How does the child want you to respond?

Aimée often tells me things, especially things she did. “Look, papa, at what I made!” Or she tells me about other people, or about how to act. “I can’t have a cookie today because I’m still a little sick.” Sometimes she has a running dialogue going, as if she really wants to have a conversation with me.

I have conversations with Aimée, but not in the way I do with adults or teenagers. The truth is, I don’t feel that she really wants to know my opinion or my observation. She wants to share her own discoveries. If I were to tell her what I know all the time, with all my longer experience and better critical thinking, she would stop wanting to tell me anything. Why should she speak, if I always know better?

So I often don’t correct her when she says ridiculous things, or even just slightly inaccurate things. I repeat what she said. “Yes, you made that, all by yourself,” I say. “Are you still a little sick?” I sometimes judge the success of my listening and responding by whether she continues to talk. I genuinely want to hear what she has to say because it is her contribution to life right now. I also want her to keep the natural feeling that she can think and choose and act for herself, even if her thinking and choosing is mostly a pretense.

That’s not to say I repeat things mindlessly. I notice the meaningful part of what she said. I say it in a neutral way, so that she can change her mind if she wants. By bringing her thoughts into conversation, we are shining a light on them, so that she has a chance to examine them and refine them. We are practicing out loud an attitude of reflection and patience and self-analysis.

: : : Give importance to the child’s point of view.

02 October 2007

making a sandbox castle

Does a child really have purpose?

Aimée, who is four, was playing in the sandbox. I stood at the door and watched her for a while. She was filling a plant pot with sand and talking to herself about making a castle. She carefully turned the pot upside down and pulled it away. The sand, which was too dry to hold its shape, fell into a shapeless mound.

I, as an adult, imagined that she would try to “fix” this problem and achieve the castle shape she was looking for. She didn’t seem interested in that. She just started pushing the sand around some other way, making a road or a river.

Purpose is a fairly mature concept. The process of having an idea, laying out a plan, and carrying it through several steps to completion is something that even ten-year-olds struggle to do. The child’s mind simply doesn’t have the stamina, or sequential organization, or global perspective necessary to do such a thing.

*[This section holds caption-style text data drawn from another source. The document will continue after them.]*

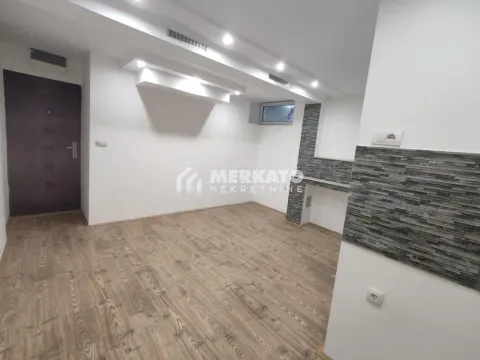 Prodaja, stan, 23m², Zrenjanin, Srbija - image 2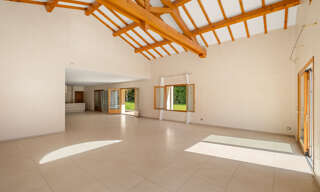 Maison 5 Pièces 337 m² à vendre à Saint-Pierre-de-Chandieu (69780)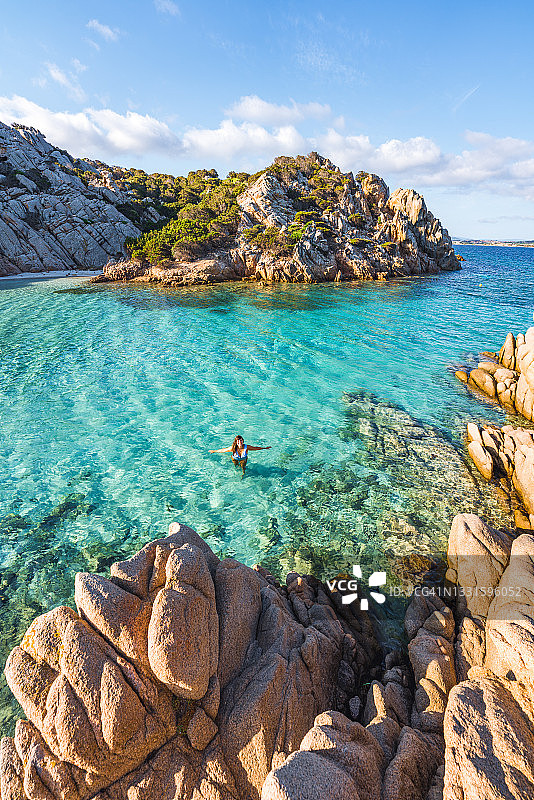 女人在意大利撒丁岛卡普雷拉岛的卡拉那波勒塔纳海湾沐浴图片素材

The purposes of a child are therefore much less fixed. They waver very quickly according to unexpected difficulties or barriers. The process of moving toward one goal may suggest other goals. Why strive for a castle if a road is presenting itself? Children seem to live in that kind of dialogue with the environment. In a way Aimée was letting her own inner purpose be guided by the sand’s purpose.

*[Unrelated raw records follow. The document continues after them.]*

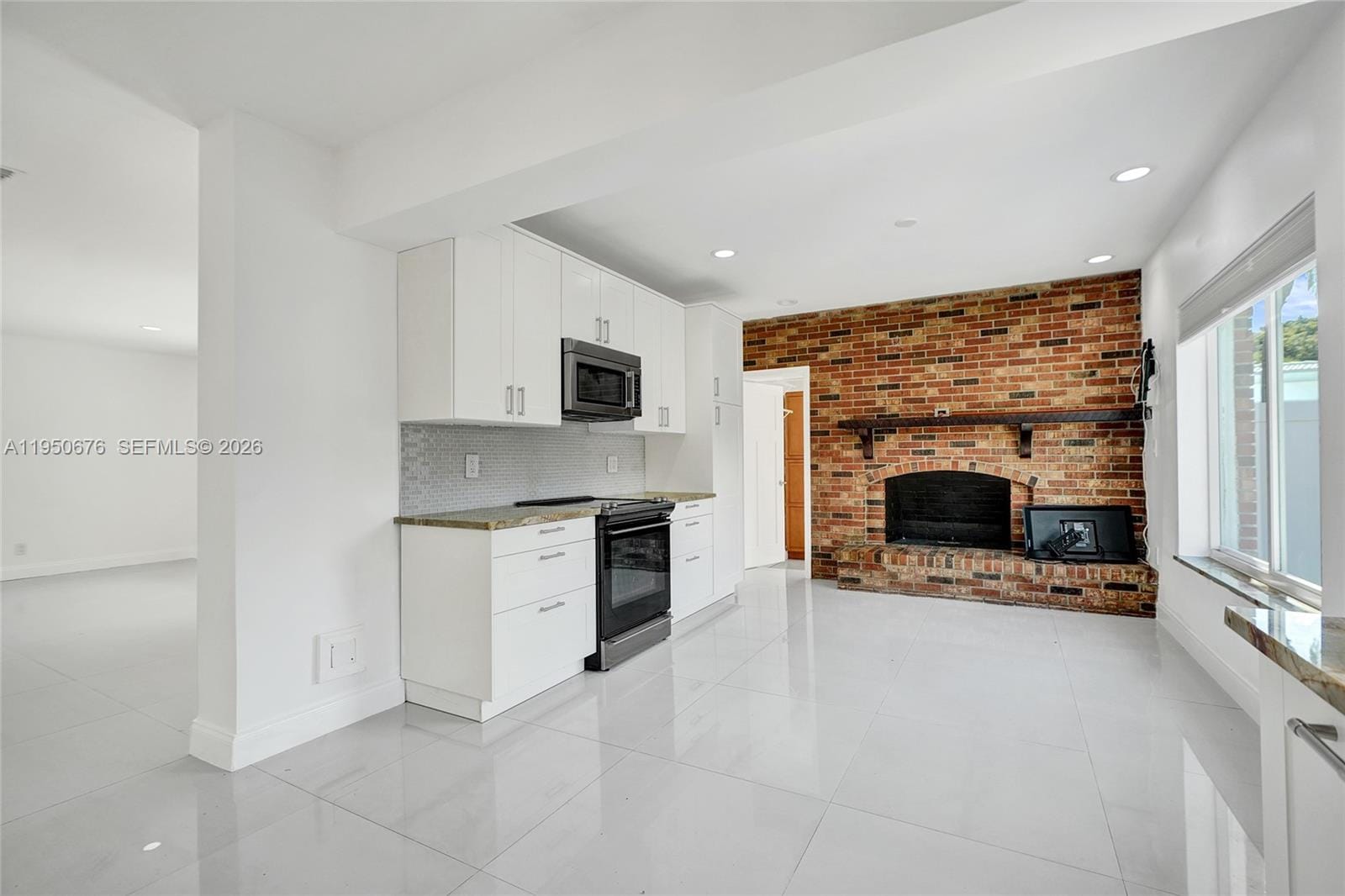 1995 N Hibiscus Drive, North Miami, FL 33181 photo 15
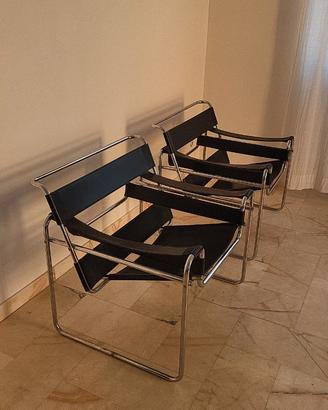 Due poltrone Wassiy di Marcel Breuer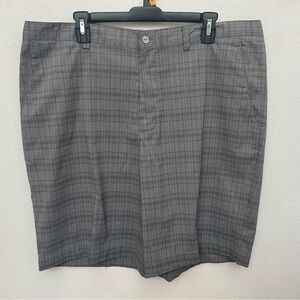 Cutter & Buck Black, White Plaid Flat Front Golf Shorts Size 38 Sport Preppy
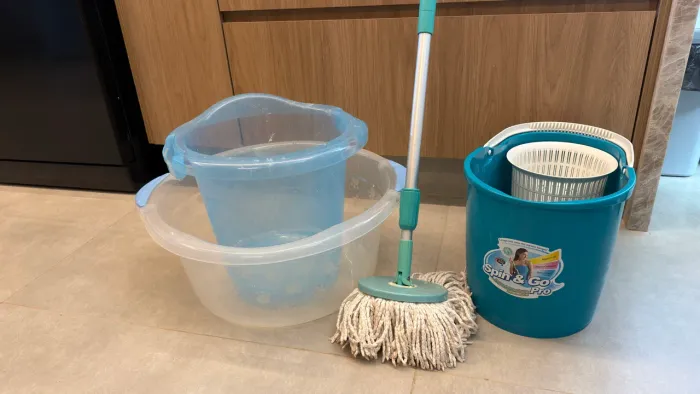 Mop Giratório + Bacia + Balde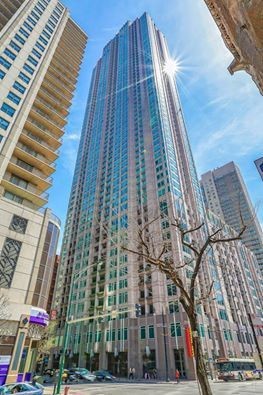 Building Photo - 33 W Ontario St Unit 15C
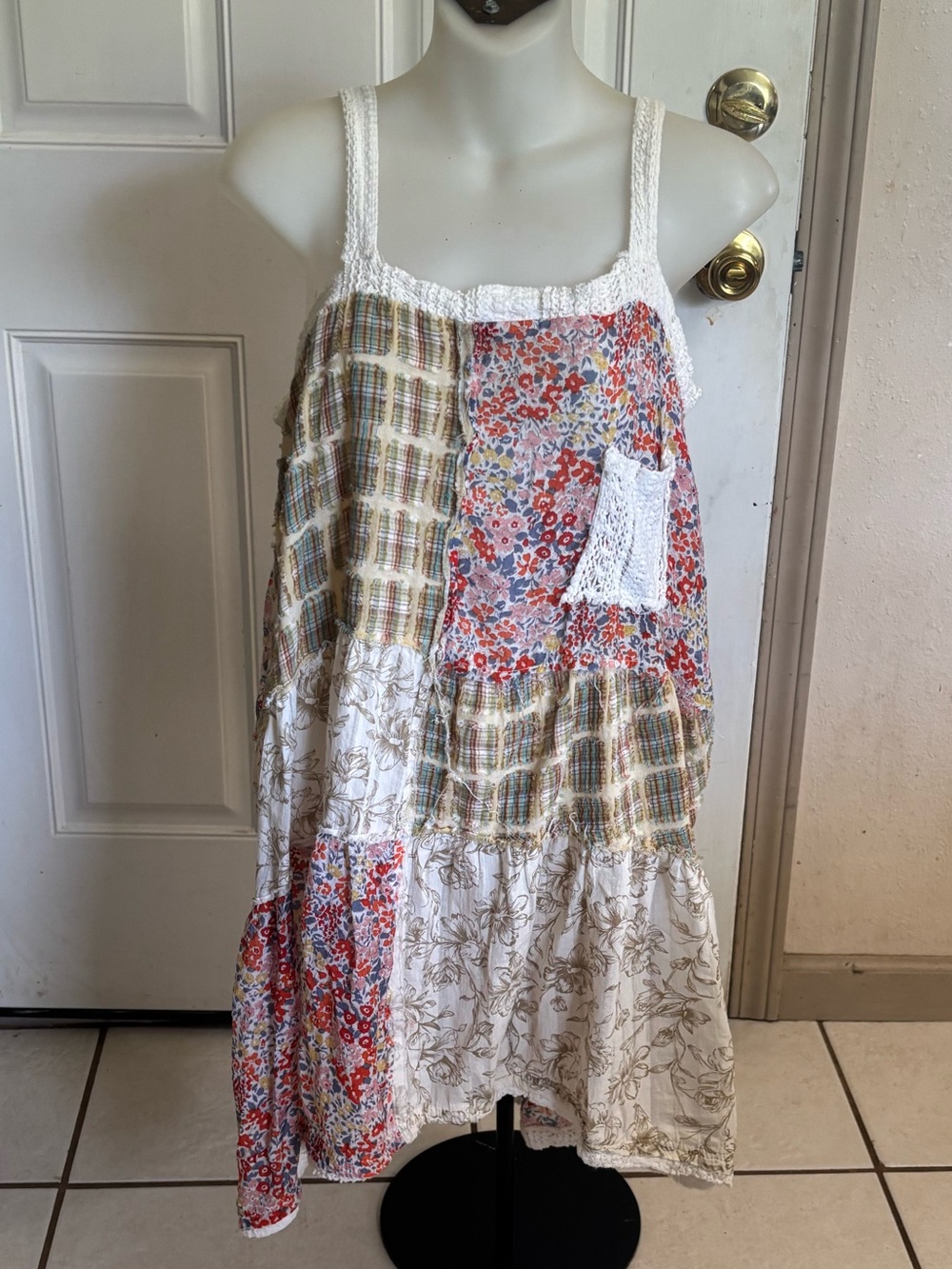 Large Pol Golden Fields Floral/Plaid Patchwork bohemian style Dress.  In EUC!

What that means for us is that we should not imagine that children’s purposes are like adult ones. I certainly don’t mean we should ignore them or thwart them. But we can, with well chosen words, help children redirect their actions in more suitable ways. We can also watch children’s real feelings, instead of imagining their disappointment or satisfaction at the outcome of their efforts.

: : : Take children seriously, but only as much as they do themselves.